• _Exercise aim_:
In the records below, reproduce exactly the lines from the one containing "Image du centre" through the one containing "Foto del paso", both included, and omit the pictures.

• _Records provided_:
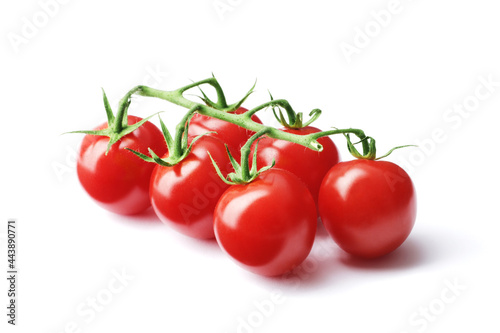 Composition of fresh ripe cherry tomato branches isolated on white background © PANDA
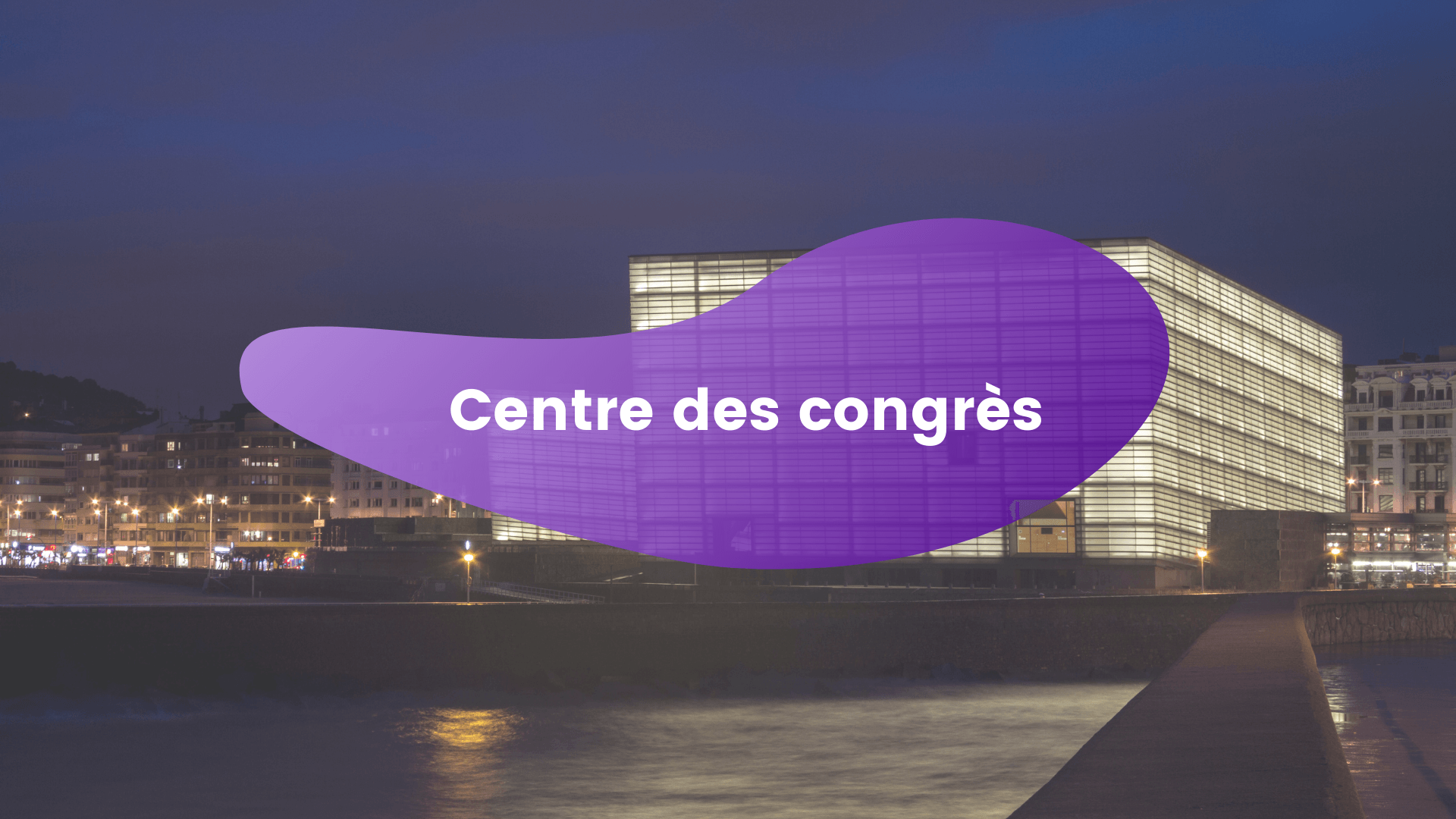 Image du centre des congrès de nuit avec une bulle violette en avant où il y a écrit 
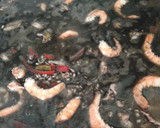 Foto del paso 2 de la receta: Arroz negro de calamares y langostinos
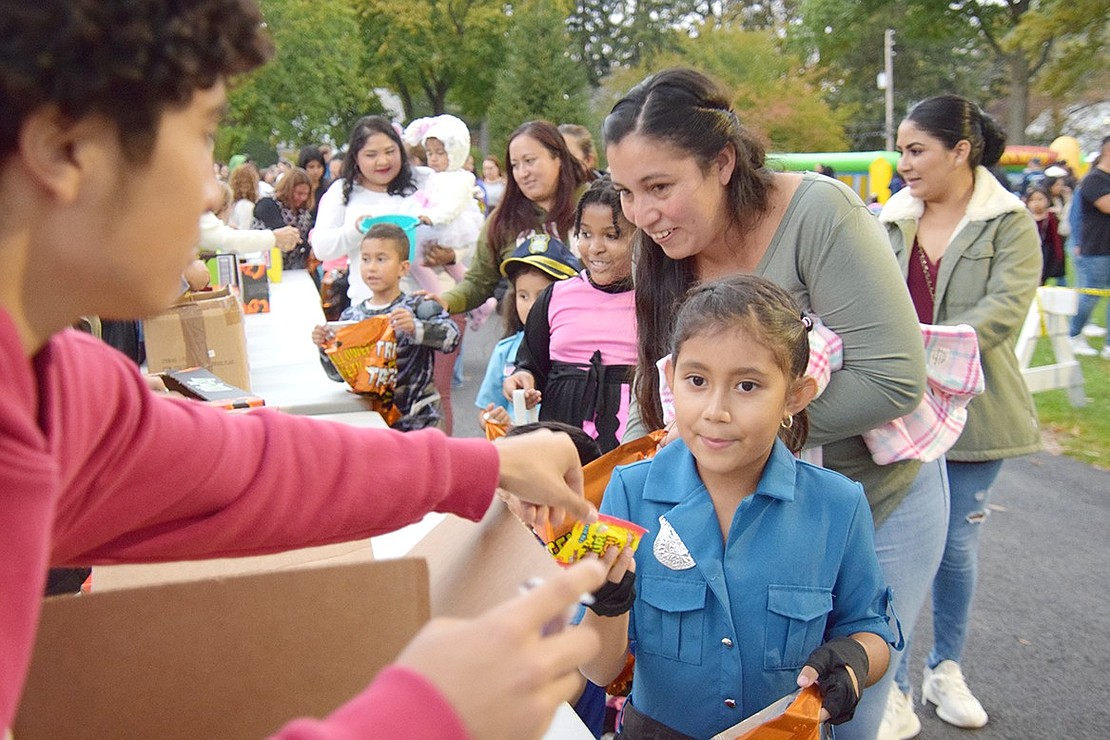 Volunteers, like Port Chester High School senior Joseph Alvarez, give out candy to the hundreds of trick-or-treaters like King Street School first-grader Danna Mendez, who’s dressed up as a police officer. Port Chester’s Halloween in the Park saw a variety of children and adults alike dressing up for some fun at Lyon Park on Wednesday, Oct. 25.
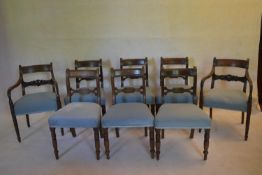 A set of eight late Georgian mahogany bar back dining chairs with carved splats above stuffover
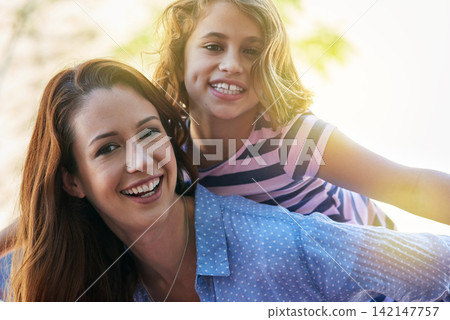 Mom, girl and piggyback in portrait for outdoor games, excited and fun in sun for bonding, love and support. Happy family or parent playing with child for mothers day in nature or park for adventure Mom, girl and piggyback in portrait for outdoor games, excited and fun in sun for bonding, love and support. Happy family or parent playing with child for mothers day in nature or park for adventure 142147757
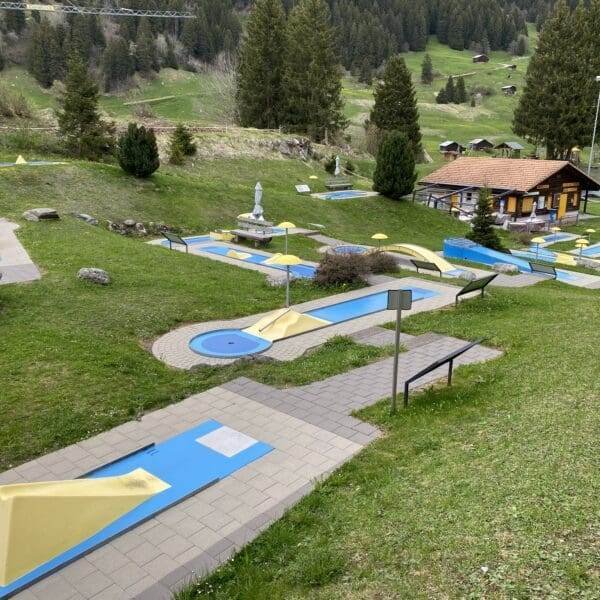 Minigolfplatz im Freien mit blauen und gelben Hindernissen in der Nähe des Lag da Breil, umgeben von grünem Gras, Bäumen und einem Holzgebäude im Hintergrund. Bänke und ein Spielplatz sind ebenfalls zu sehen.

==

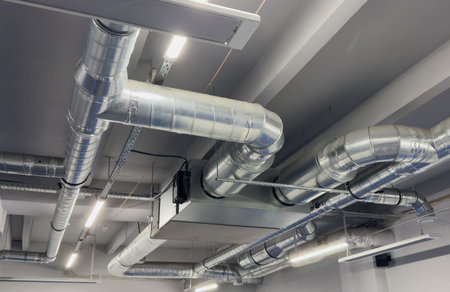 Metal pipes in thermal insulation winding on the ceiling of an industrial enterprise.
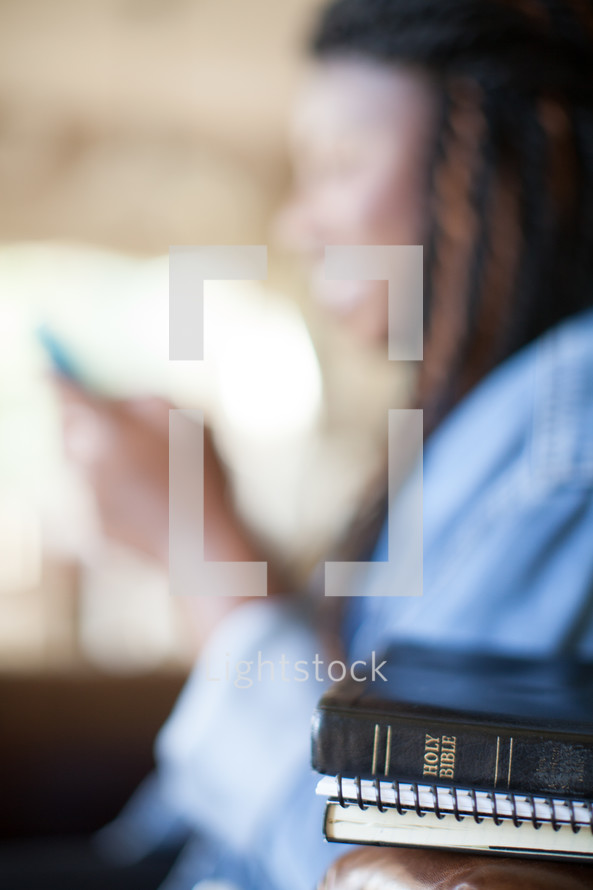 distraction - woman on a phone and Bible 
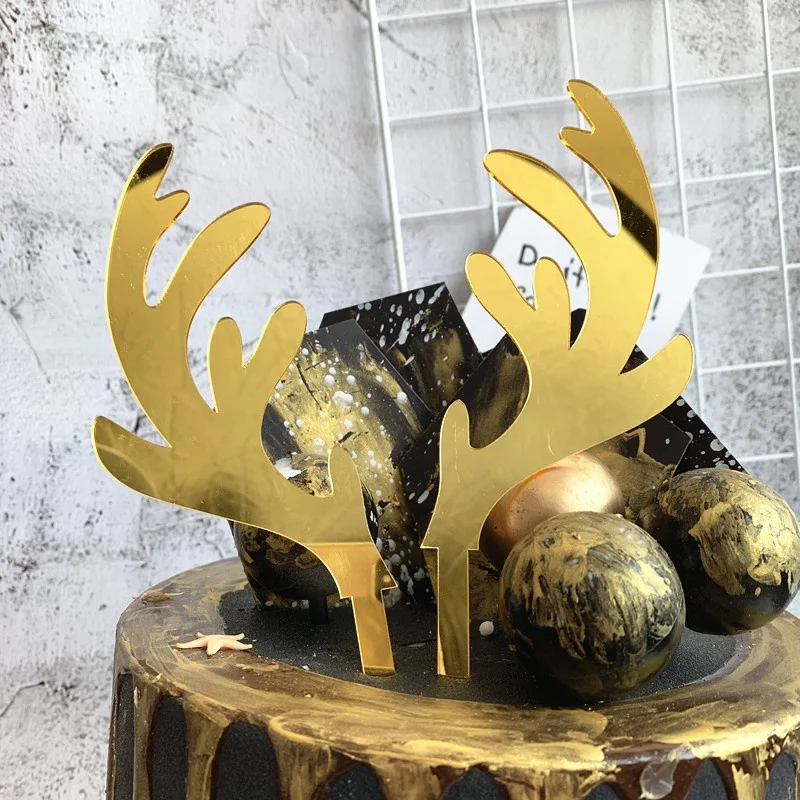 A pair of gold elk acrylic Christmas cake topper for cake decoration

• _Reply_:
 Image du centre des congrès de nuit avec une bulle violette en avant où il y a écrit 
 Foto del paso 2 de la receta: Arroz negro de calamares y langostinos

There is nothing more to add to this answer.